I discovered a new apple. New for me anyway. It’s called Pound Sweet (a/k/a Pumpkin Sweet) and it’s actually a very old heritage apple first known in Connecticut in the early 1800s.
I’d never heard of this one, but at Clarkdale Fruit Farm in Deerfield, Massachusetts, where I drove recently to buy my yearly supply of Rhode Island Greening apples for pies (my Connecticut source didn’t have any this year) they pointed them out and so I bought a bagful.
Turns out (as they told me at the farm) that Pound Sweet are not the best eating-out-of-hand apple — they’re mild tasting and not especially tart/acidic — but they are terrific for baking.
So I baked some. They certainly hold their shape very well and don’t become as mushy as some apple varieties. I found that baking them also took slightly longer than the more usual Romes and Cortlands do.
But the result was really good. If you can find a bunch of Pound Sweets, wonderful, but of course this recipe will be fine when made with any baking apple (if you use other varieties, do not cover and bake for the 10 minutes suggested).
Baked Pound Sweet Apples
4 large Pound Sweet baking apples (or use any baking apple)
half a lemon
1/3 cup raisins
1/3 cup dried cranberries
3 tablespoons cinnamon sugar
2 teaspoons coconut oil
1 cup mango juice
Preheat the oven to 375 degrees. Wash the apples and remove the core with an apple corer or small knife, leaving about 1/2” of the core on the bottom. Peel the apples halfway down from the top and rub the peeled surfaces with the cut side of the lemon.
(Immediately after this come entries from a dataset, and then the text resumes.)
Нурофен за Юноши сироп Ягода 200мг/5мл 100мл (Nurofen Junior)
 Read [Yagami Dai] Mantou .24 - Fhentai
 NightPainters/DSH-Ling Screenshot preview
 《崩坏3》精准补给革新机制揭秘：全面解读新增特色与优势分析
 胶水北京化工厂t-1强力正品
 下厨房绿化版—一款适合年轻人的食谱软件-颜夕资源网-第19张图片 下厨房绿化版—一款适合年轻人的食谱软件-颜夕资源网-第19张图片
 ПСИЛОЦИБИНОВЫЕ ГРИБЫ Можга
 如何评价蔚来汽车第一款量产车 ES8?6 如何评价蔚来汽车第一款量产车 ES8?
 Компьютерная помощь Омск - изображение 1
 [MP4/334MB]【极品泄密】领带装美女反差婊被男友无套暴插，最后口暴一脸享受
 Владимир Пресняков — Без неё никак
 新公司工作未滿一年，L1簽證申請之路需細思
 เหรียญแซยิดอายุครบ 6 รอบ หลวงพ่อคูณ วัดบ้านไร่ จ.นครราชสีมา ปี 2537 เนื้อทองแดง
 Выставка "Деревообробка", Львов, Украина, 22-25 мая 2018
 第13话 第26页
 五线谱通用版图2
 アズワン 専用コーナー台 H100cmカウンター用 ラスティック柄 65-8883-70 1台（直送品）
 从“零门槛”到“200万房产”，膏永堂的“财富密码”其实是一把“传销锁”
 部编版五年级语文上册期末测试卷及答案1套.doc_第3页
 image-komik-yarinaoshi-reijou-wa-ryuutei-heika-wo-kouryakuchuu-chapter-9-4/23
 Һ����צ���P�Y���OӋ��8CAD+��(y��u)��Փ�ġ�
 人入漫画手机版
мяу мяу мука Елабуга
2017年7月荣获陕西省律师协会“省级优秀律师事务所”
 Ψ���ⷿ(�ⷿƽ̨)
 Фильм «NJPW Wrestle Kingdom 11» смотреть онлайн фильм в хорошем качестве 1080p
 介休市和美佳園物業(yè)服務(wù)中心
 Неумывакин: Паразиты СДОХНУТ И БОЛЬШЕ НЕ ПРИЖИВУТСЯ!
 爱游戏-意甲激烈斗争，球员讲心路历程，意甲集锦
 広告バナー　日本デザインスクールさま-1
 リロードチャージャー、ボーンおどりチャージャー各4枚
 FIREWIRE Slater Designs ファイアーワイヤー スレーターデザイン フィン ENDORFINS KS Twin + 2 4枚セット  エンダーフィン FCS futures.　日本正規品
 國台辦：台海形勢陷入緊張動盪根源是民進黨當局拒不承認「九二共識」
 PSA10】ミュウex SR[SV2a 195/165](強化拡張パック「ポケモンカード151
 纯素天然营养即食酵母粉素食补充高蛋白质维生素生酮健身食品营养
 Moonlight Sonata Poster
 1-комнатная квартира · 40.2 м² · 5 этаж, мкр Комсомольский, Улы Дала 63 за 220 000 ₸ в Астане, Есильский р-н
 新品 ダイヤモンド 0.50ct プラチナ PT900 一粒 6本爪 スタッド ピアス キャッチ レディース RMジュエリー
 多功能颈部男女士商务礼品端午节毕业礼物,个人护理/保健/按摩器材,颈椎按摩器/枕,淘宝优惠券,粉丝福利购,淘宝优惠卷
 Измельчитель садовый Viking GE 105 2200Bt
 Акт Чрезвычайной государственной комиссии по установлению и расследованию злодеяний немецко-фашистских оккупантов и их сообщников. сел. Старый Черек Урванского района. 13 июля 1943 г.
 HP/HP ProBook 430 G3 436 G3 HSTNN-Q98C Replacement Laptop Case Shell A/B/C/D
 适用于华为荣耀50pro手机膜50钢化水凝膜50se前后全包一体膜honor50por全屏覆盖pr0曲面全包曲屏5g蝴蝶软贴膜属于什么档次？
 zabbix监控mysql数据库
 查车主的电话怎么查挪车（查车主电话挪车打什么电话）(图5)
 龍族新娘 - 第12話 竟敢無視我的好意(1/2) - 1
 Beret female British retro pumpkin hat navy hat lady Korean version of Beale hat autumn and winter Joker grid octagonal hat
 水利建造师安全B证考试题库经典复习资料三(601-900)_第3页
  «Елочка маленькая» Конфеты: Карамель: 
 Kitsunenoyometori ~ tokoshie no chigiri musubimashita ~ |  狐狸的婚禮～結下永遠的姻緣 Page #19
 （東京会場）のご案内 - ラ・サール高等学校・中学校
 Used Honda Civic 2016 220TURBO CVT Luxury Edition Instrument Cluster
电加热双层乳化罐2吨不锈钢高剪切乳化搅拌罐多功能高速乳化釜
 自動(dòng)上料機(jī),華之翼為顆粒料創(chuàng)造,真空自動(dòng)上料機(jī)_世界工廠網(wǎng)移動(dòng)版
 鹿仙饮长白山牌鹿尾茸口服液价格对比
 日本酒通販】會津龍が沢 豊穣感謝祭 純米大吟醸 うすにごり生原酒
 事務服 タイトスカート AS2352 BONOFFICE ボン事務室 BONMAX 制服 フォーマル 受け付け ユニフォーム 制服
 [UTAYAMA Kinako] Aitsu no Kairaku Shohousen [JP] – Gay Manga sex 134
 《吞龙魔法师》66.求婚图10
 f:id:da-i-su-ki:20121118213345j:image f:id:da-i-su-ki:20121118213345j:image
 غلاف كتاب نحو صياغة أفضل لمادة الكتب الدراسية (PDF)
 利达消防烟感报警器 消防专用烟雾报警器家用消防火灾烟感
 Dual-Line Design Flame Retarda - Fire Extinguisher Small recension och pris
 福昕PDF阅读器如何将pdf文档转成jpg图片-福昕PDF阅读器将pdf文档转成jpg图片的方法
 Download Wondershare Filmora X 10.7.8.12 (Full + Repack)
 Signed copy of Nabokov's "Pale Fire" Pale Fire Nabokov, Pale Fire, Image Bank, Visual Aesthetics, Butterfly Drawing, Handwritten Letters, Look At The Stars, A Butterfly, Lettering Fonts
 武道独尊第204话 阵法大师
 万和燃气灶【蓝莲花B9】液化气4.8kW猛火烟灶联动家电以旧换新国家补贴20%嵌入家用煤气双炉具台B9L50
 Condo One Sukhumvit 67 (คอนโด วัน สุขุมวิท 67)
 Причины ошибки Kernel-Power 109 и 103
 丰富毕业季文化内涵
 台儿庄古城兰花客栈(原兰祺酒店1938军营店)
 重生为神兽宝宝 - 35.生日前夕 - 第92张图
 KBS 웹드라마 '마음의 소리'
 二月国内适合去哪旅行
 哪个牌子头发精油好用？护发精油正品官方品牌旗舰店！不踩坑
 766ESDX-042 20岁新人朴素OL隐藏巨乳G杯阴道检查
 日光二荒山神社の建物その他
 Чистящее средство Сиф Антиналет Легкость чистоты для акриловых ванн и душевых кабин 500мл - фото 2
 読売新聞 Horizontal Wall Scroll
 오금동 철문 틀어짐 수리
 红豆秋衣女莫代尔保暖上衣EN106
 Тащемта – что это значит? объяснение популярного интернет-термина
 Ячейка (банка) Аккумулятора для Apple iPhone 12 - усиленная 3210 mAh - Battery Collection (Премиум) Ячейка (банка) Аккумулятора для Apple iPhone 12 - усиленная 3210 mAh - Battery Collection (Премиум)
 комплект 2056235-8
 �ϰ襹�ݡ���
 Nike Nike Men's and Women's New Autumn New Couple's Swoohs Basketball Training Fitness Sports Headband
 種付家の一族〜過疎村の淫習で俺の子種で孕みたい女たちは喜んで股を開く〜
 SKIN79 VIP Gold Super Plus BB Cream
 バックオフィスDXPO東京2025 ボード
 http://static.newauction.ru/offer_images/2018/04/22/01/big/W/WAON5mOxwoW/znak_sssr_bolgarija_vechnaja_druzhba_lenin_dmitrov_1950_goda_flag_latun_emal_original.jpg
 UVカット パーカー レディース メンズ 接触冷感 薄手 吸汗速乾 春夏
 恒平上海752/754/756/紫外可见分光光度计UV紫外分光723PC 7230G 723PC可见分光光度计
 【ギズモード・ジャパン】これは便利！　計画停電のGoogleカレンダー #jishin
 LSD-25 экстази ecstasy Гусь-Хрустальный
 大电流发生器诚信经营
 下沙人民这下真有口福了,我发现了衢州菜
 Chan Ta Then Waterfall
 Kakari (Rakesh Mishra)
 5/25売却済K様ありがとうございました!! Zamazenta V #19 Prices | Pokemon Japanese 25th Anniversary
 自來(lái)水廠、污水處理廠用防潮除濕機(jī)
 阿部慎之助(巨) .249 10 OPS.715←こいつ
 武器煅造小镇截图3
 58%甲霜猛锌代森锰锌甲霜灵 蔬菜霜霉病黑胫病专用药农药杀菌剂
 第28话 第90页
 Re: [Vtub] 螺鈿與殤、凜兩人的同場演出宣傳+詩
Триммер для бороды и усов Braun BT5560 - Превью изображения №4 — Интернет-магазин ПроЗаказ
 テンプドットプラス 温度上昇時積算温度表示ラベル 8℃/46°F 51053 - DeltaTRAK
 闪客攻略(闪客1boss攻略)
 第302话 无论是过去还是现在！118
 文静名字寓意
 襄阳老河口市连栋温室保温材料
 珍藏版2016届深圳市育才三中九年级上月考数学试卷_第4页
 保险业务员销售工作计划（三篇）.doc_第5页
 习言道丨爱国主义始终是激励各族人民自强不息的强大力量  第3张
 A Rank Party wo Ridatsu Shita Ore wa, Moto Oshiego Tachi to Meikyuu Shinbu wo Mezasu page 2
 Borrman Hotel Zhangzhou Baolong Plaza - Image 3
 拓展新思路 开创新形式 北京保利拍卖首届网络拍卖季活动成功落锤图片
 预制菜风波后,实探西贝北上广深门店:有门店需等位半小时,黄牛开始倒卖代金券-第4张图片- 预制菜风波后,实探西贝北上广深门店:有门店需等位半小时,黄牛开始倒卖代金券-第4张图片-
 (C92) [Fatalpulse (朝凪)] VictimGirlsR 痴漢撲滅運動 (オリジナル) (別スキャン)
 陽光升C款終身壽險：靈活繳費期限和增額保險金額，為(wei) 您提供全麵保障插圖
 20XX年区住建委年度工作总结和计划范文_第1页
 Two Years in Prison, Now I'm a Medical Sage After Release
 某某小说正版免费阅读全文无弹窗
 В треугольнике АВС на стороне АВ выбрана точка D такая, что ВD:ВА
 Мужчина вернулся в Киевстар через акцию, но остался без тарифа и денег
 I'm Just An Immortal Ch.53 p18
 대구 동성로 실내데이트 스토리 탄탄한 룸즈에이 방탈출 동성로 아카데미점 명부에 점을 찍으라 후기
Put the apples in a baking dish. Mix the raisins and cranberries and stuff them into the apple hollows. Sprinkle the apples with the cinnamon sugar. Place 1/2 teaspoon coconut oil on each apple top. Cover the pan with foil and bake for 10 minutes. Remove the cover and bake for another 15 minutes. Pour the juice over the apples. Bake for another 40-45 minutes, basting occasionally with the pan juices, or until the apples are tender. Serve warm or at room temperature.